Since 1925, the Candy Kitchen Ice Cream Parlor and Eatery in Bridgehampton has been a place to go for a coffee, read the paper while having breakfast, lunch, or just a snack. Others come for some of their famous home made ice cream. Serving the local community with this vital service the Candy Kitchen has stood up to good times and bad over and over again and remained the same hub on the corner to all. The white Formica counter tops and swivel stools at the counter have seated the local regulars along with the likes of Howard Hughes, Truman Capote, Bette Davis, and so many other personalities of yesteryear who have stopped in for a coffee since legendary founder George Starvropoulos opened its doors to the Bridgehampton community. During the roaring twenties patrons could have a coffee and read about the exploits of President Calvin Coolidge in the morning papers. Those headlines over the years have covered, a national depression, a World War, the years of Eisenhower, Kennedy, Nixon, Johnson, Clinton, the Bushes and now Obama.
For the last 32 year the keeper of the flame at the historic Candy Kitchen has been present owner Gus Laggis, who seems to know everybody as if they all went to grade school together. His nod of hello or acknowledgement is a ritual that makes small town America so special still to this day. It is a place that has a waitress named “Cookie,” who’s been there perhaps as long as 30 years but seems ageless as if she has been there since it opened. Other waitresses are still in their teens, all wearing their blue Candy Kitchen tee shirt along with the white apron that continues the tradition of local youths who for the last 83 years have stepped up to that familiar counter to serve. Behind the counter still standing at attention is the old style stainless steel malt machine blenders capable of doing three at a time. The glasses are stacked the way they have been since George opened the place as are the metal ice cream dishes. The six sided white tiles on the floor with the blue flower like tile patterns have stood the test of time as patrons have shuffled to the blue padded white booths. The hanging available ice cream flavor sign has been there forever. I was in there as a child with my father and as a father with my children myself. Almost everybody has stood in front of that ice cream counter and watched their selected flavor scooped into a cone or cup with wide open eyes anticipating the cold sugar blast of fresh home made ice cream on a hot summer day. It is as American as the Forth of July, but celebrated every summer day, not just once a year.

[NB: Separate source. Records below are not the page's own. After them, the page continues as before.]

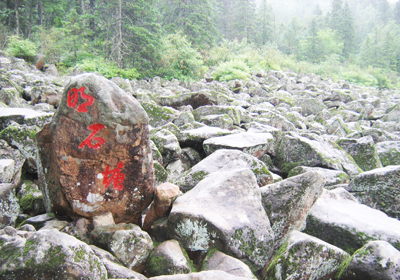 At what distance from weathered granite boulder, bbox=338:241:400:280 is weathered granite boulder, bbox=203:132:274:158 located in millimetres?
2391

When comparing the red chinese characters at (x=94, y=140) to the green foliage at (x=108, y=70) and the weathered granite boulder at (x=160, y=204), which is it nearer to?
the weathered granite boulder at (x=160, y=204)

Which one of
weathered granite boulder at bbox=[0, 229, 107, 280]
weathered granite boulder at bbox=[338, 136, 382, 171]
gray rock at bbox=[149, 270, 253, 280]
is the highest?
weathered granite boulder at bbox=[0, 229, 107, 280]

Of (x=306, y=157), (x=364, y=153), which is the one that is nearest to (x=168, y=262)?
(x=306, y=157)

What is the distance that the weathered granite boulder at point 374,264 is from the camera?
2.51 m

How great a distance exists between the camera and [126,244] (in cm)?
252

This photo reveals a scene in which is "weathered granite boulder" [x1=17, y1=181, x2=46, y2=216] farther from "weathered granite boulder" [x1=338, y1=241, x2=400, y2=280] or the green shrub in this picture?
the green shrub

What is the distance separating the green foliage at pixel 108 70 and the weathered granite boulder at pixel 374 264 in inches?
580

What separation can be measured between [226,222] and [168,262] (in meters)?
0.71

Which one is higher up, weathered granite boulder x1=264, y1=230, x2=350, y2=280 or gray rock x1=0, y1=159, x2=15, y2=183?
gray rock x1=0, y1=159, x2=15, y2=183

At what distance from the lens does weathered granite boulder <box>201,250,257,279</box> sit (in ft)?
8.18

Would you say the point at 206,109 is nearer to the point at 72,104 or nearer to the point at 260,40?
the point at 72,104

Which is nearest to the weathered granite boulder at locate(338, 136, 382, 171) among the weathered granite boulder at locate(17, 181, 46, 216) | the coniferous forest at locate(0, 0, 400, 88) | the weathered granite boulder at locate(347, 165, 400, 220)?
the weathered granite boulder at locate(347, 165, 400, 220)

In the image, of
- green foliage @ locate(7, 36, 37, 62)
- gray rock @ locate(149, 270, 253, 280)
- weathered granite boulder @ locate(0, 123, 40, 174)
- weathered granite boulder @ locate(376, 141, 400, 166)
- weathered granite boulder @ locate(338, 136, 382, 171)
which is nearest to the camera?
A: gray rock @ locate(149, 270, 253, 280)

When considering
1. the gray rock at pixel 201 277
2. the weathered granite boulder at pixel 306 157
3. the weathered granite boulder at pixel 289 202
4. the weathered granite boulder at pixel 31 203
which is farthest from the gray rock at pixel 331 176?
the weathered granite boulder at pixel 31 203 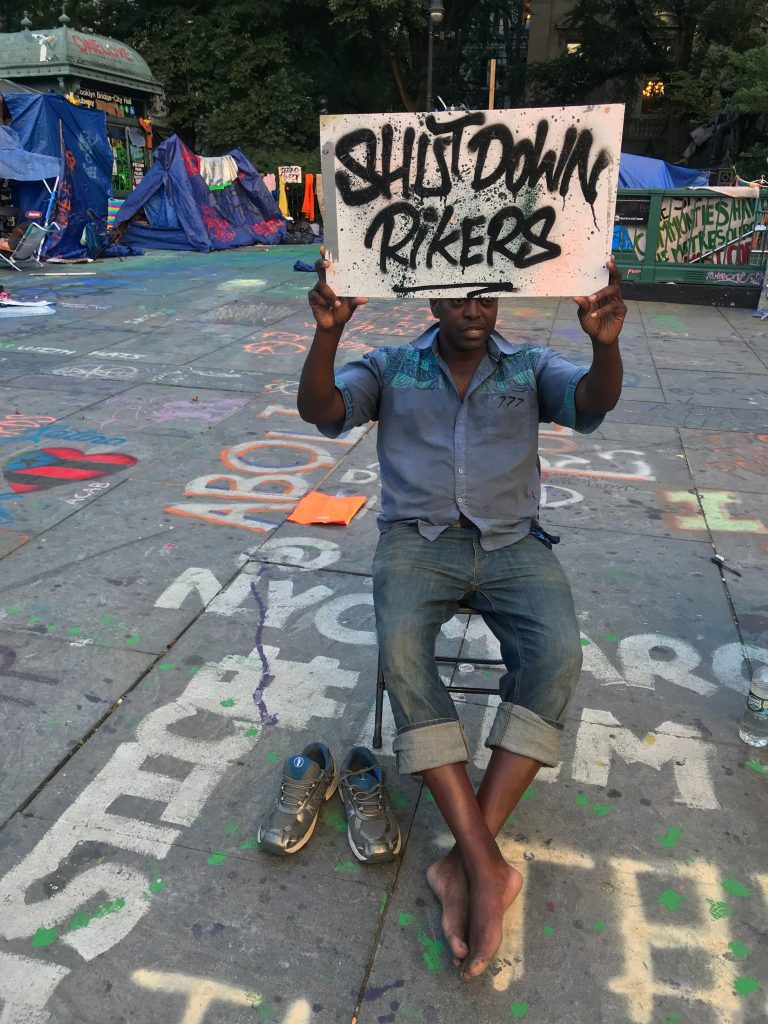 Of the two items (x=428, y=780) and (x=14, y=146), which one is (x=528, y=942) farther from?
(x=14, y=146)

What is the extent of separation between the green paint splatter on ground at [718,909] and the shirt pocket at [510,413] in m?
1.30

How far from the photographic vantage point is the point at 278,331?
8633 mm

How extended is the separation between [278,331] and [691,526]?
5.73 metres

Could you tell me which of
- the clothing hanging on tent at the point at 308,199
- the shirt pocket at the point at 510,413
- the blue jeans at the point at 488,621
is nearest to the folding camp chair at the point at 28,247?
the clothing hanging on tent at the point at 308,199

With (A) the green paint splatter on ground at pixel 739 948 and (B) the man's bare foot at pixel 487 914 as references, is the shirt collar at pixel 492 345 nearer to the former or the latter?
(B) the man's bare foot at pixel 487 914

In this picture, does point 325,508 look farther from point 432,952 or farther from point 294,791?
point 432,952

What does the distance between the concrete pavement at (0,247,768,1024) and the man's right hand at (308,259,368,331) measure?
126cm

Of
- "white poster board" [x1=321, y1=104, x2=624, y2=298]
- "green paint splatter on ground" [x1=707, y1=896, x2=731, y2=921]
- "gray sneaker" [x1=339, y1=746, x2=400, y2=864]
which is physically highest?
"white poster board" [x1=321, y1=104, x2=624, y2=298]

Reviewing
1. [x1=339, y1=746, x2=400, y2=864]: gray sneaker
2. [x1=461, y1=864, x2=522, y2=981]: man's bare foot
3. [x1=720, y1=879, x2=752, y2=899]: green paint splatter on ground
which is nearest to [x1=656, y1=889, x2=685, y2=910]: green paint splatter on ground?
[x1=720, y1=879, x2=752, y2=899]: green paint splatter on ground

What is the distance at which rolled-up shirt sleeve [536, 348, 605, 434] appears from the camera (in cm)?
227

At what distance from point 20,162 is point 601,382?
13659 mm

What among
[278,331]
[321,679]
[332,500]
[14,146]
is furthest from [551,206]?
[14,146]

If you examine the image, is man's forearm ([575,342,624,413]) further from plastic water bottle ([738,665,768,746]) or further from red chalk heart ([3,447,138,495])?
red chalk heart ([3,447,138,495])

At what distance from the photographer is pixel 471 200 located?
2117mm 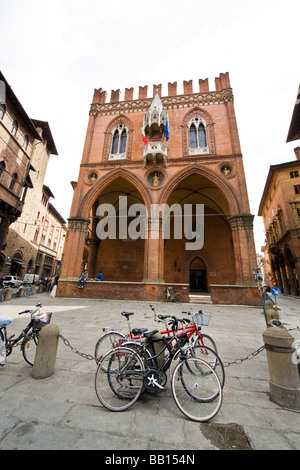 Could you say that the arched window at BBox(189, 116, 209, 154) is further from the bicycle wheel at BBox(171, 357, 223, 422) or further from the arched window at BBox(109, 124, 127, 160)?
the bicycle wheel at BBox(171, 357, 223, 422)

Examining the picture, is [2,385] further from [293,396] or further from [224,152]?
[224,152]

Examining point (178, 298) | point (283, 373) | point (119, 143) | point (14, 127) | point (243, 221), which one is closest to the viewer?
point (283, 373)

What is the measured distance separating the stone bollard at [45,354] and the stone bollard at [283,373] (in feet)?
10.3

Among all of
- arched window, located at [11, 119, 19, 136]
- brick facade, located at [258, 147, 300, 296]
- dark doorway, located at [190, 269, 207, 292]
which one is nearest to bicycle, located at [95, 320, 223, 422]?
dark doorway, located at [190, 269, 207, 292]

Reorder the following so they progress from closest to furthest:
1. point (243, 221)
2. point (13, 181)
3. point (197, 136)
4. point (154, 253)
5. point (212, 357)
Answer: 1. point (212, 357)
2. point (243, 221)
3. point (154, 253)
4. point (197, 136)
5. point (13, 181)

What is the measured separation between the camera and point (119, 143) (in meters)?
17.5

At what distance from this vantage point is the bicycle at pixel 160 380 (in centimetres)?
224

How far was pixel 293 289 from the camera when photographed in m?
23.5

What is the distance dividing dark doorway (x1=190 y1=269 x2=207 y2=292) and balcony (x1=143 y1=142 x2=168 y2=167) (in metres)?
11.1

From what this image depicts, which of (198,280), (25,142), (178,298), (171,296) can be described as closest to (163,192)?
(171,296)

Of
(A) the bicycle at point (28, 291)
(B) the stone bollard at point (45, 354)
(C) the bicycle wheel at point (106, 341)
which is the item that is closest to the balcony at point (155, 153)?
(A) the bicycle at point (28, 291)

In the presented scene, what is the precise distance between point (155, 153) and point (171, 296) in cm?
1048

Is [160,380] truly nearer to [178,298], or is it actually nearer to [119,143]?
[178,298] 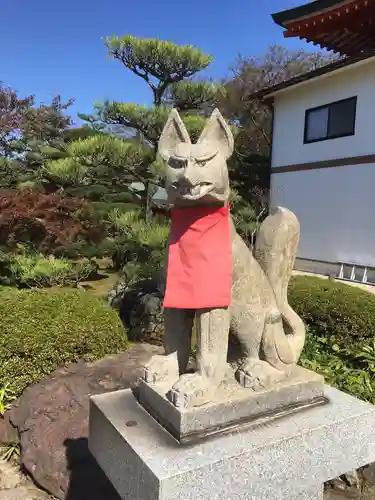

At the Candy Kitchen there is a back room where families and groups gather to have breakfast or late afternoon lunches. Although not the same feel as the rectangle front room that is right out of a Norman Rockwell cover, it still is cozy and has the feel of Americana 101. The food at the Candy Kitchen is consistent, served hot, quickly, and never disappoints. So many Hampton vacation mornings have started there over the years, as have spring ,winter and fall days for so many of the locals who’s enjoy that short walk to the corner to get a paper, eggs and coffee making it their daily ritual. Seeing neighbors greet each other with a nod, a smile, or just an acknowledging glance, is what community is about. Of course like all Hampton establishments in the “season,” the Candy Kitchen has moments, like Sunday mornings, when it is at full capacity and humming. But this is where the seasoned hand and eyes of owner Gus Laggis come into play. He oversees the business with the hands and eyes of a Maestro of an orchestra as he conducts his staff almost without ever saying a word. On Sundays the sound of a busy breakfast place, is of talk, forks hitting plates, coffee being sipped, and eyes waking up looking at headlines. The neon signs, in the window along with the stain glass windows are signs of yesteryear with neon signs now banned for new establishments. Romany Kramoris, the famous stain glass artist of Sag Harbor, recalls doing those windows very early in her long successful career. She called it “a big break at the time.”
The Candy Kitchen is the “time machine” of Bridgehampton. Located on the southeast corner of Route 27 and George Starvropoulos Way, millions drive by it every summer. Their cars angle on Route 27, and when they see the historic Candy Kitchen signs in the window, they know they are entering the town of Bridgehampton. The place actually greets the passing traffic like an ambassador of the Hamptons, something it has done since people still rode horses into town. The model T’s, the Woody’s, the Tbirds, the convertibles of summer as well as the Jitney’s all have paraded past the windows and door of the Candy Kitchen with everyone feeling its local warmth.